Cheesy Taco Lasagna takes all your favorite taco ingredients like beans, salsa, cheese, and peppers and bakes them in layers of tortillas.
This delicious twist on lasagna is the perfect Mexican meal for an Easy Dinner. It takes flavor inspiration from Beef Tacos but bakes it all into an easy, shareable, and comforting casserole dish, just like Chicken Parmesan Stuffed Shells and Philly Cheesesteak Mac and Cheese.
If you have all the fixings for tacos but are in the mood for comfort food, this Cheesy Taco Lasagna recipe is the best of both worlds. You get all the iconic flavor from savory taco meat, beans, salsa, and tortillas, but they’re all baked into a crowd-pleasing casserole recipe.
This delicious dinner idea is perfect for a weeknight dinner or to bring along to a potluck. If you’re serving a big group, it can save you from a lot of mess because instead of everyone making their own tacos, it’s all baked into one casserole dish to scoop up into filling servings. Plus, the surprising but familiar dish gets eaten fast!
If the name Taco Lasagna sounds a little too crazy, don’t worry! The casserole isn’t made with actual lasagna noodles. Instead, crispy flour or corn tortillas are layered with meat, beans, and veggies. This dish would taste just as good with pasta though, so feel free to swap the flour tortillas with cooked noodles.
This delicious and simple family-friendly meal is great served with more flavor from classic taco toppings. Try adding chopped green onion, sour cream, extra Salsa, hot sauce, or Guacamole to the top of your serving. You can experiment with all different add-ons depending on your taste.
How to Make Cheesy Taco Lasagna
- Prep time: Start by preheating the oven temperature to 375 degrees. Prep a 9×13-inch baking dish with cooking spray.
- Beef mixture: Add the ground beef, diced onions, and red and green bell pepper to a large Dutch oven. Cook over medium-high heat until the meat mixture is completely cooked through, breaking the beef apart with a wooden spoon as you cook. Add the water and taco seasoning to the mix. Stir it all until the mixture is well blended. You can put the stove on a low simmer to keep the meat warm after the cooking time.
- Tortillas: Add vegetable oil to a large skillet and put it over medium heat. Then add the tortillas. Cook each tortilla for about 20 seconds on each side until they’re crispy.
- Salsa: Add the salsa to your food processor, then puree the mixture until mostly smooth.
- Layering: Spread the salsa over the baking dish. Add a layer of tortillas followed by the beef mixture, cheddar cheese blend, pinto beans, and corn. Top that off with another layer of tortillas, the remaining salsa, and a handful of cheese.
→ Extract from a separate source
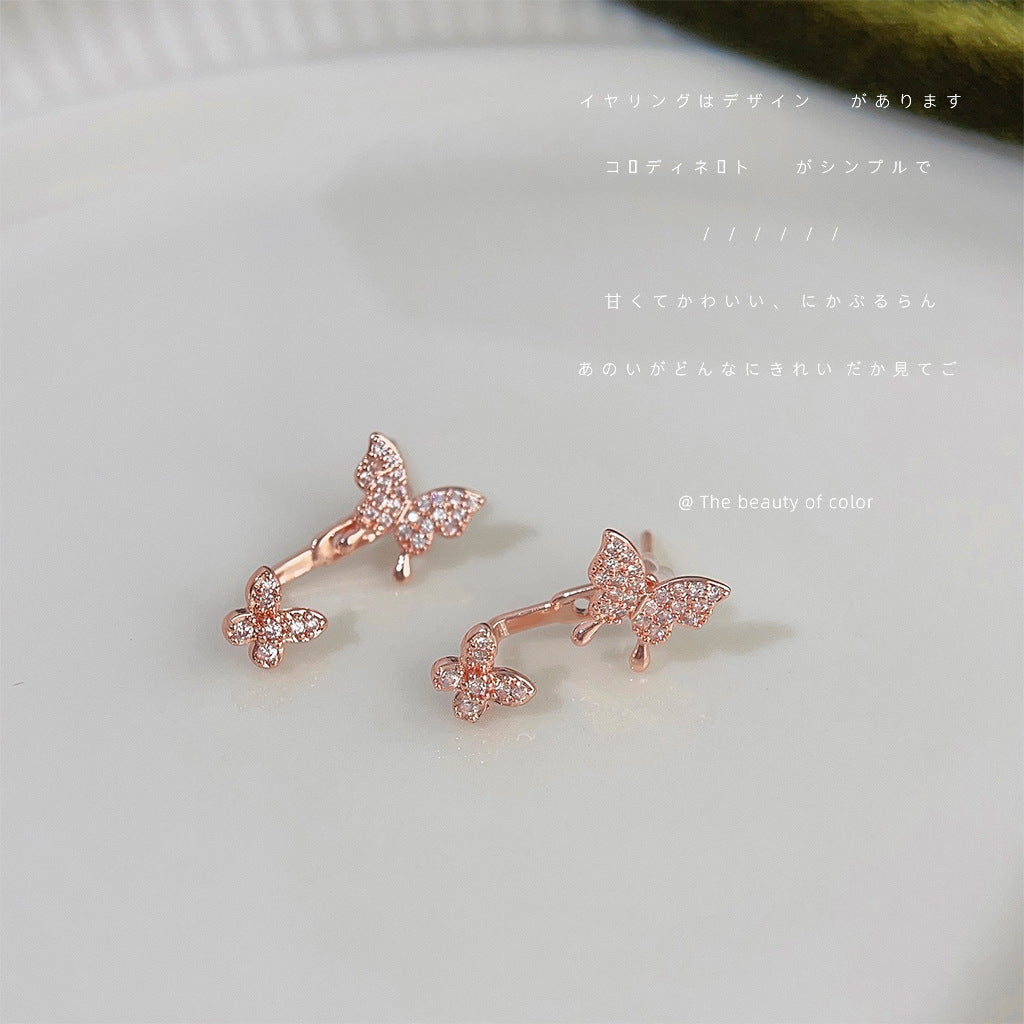 鋯石蝴蝶玫瑰兩用耳釘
- Cook time: Put the dish in the preheated oven to bake for 40-45 minutes. Then let the Cheesy Taco Lasagna cool for 15 minutes. That way, it won’t be too hot, and it will do a better job staying together when you serve it. You can add any of your favorite taco toppings to finish.
Frequently Asked Questions
A light refreshing side would taste great with the spicy cheesy flavors of this taco bake. Try pairing it with a Mexican Corn Tomato Salad, or a green salad with Ranch Dressing. Don’t forget your favorite taco toppings and a refreshing cerveza to round it out!
To make this dish meat-free, substitute the ground beef for your favorite meatless crumble, or replace it with an additional type of bean such as black beans or kidney beans.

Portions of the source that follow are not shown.